Task prompt = Pictures are not part of the copy; reproduce the remaining data exactly.

Given data =
***
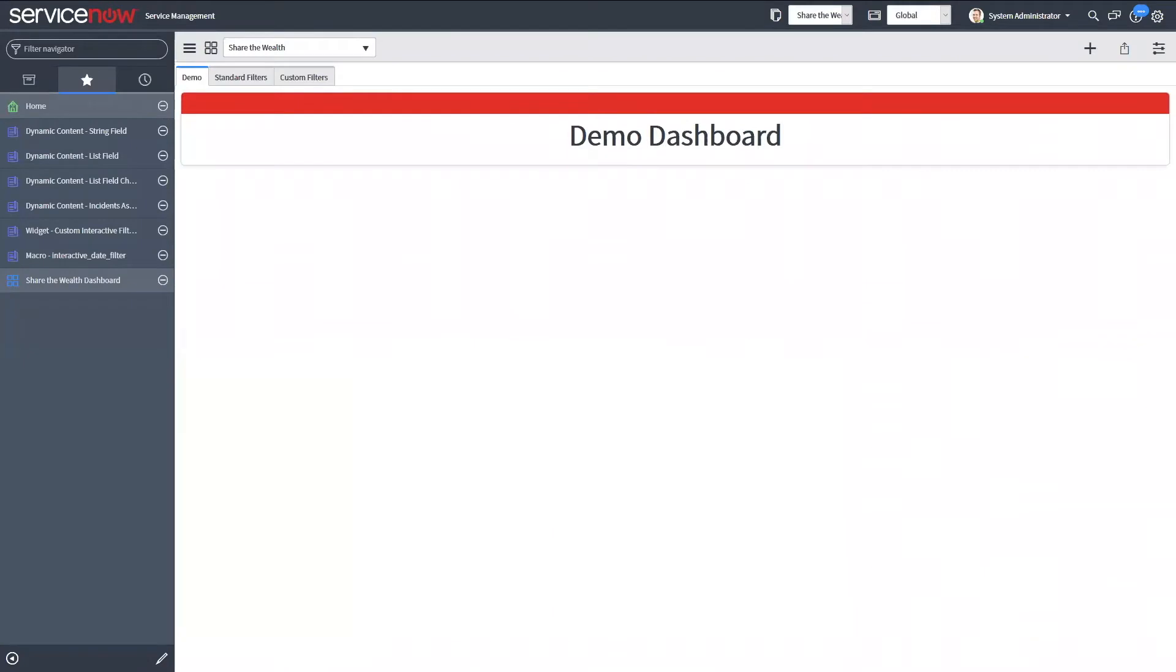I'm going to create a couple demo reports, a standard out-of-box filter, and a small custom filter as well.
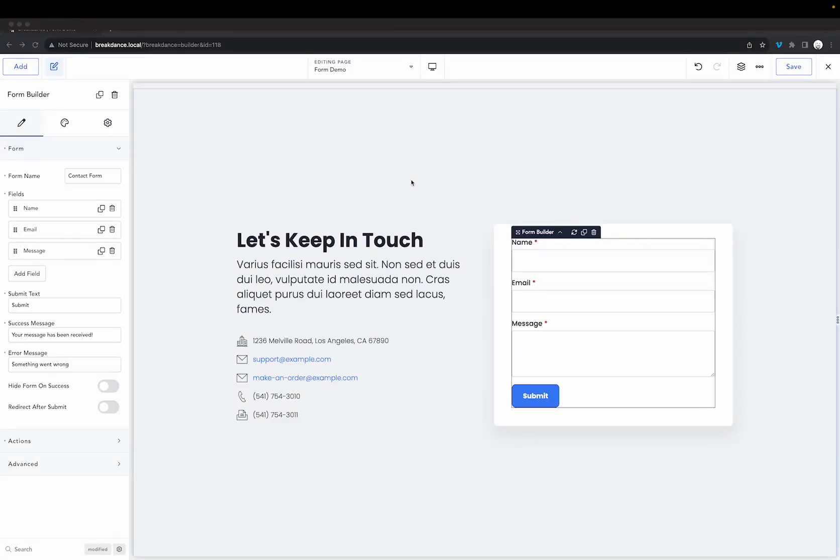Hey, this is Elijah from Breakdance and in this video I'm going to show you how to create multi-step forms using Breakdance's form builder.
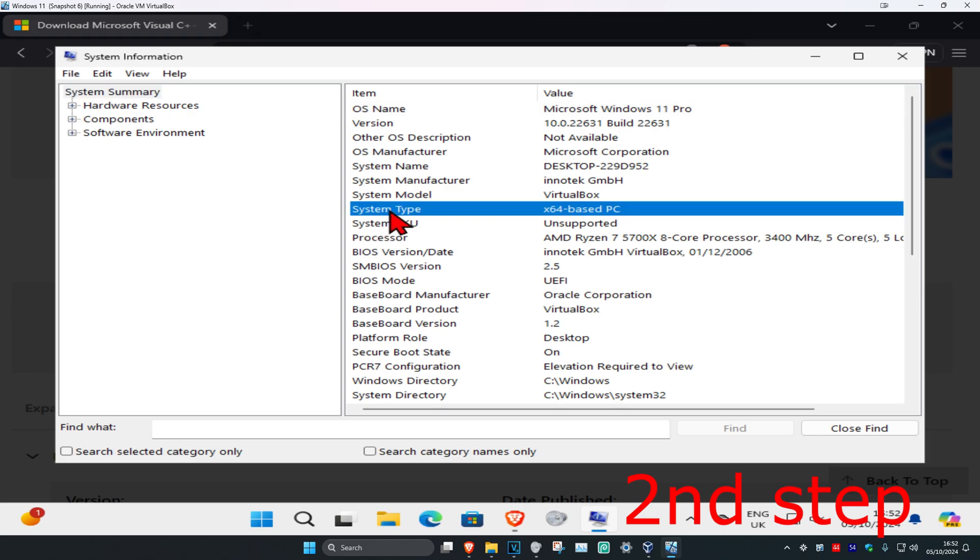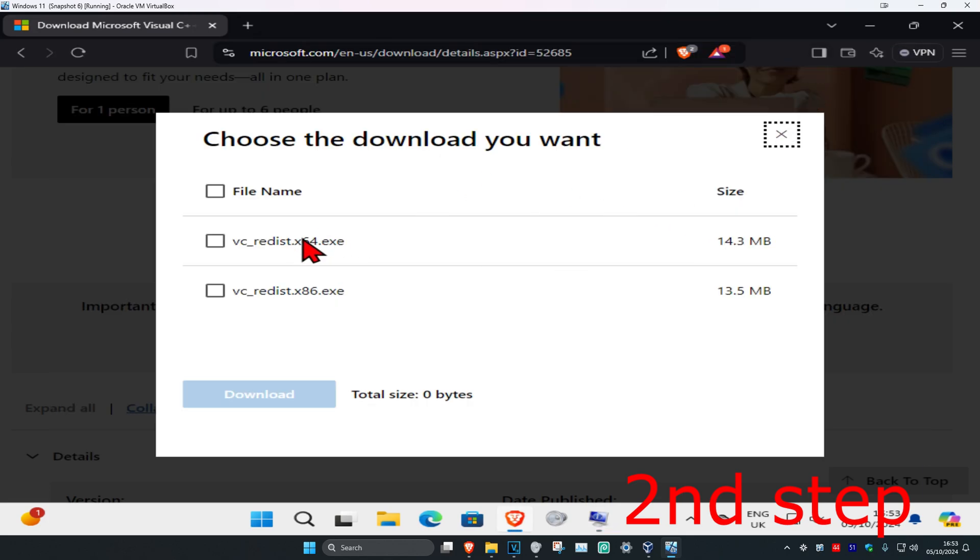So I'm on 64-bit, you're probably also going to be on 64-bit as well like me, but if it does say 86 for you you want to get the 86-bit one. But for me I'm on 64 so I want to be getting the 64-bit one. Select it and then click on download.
***
Task result =
I'm going to create a couple demo reports, a standard out-of-box filter, and a small custom filter as well.
Hey, this is Elijah from Breakdance and in this video I'm going to show you how to create multi-step forms using Breakdance's form builder.
So I'm on 64-bit, you're probably also going to be on 64-bit as well like me, but if it does say 86 for you you want to get the 86-bit one. But for me I'm on 64 so I want to be getting the 64-bit one. Select it and then click on download.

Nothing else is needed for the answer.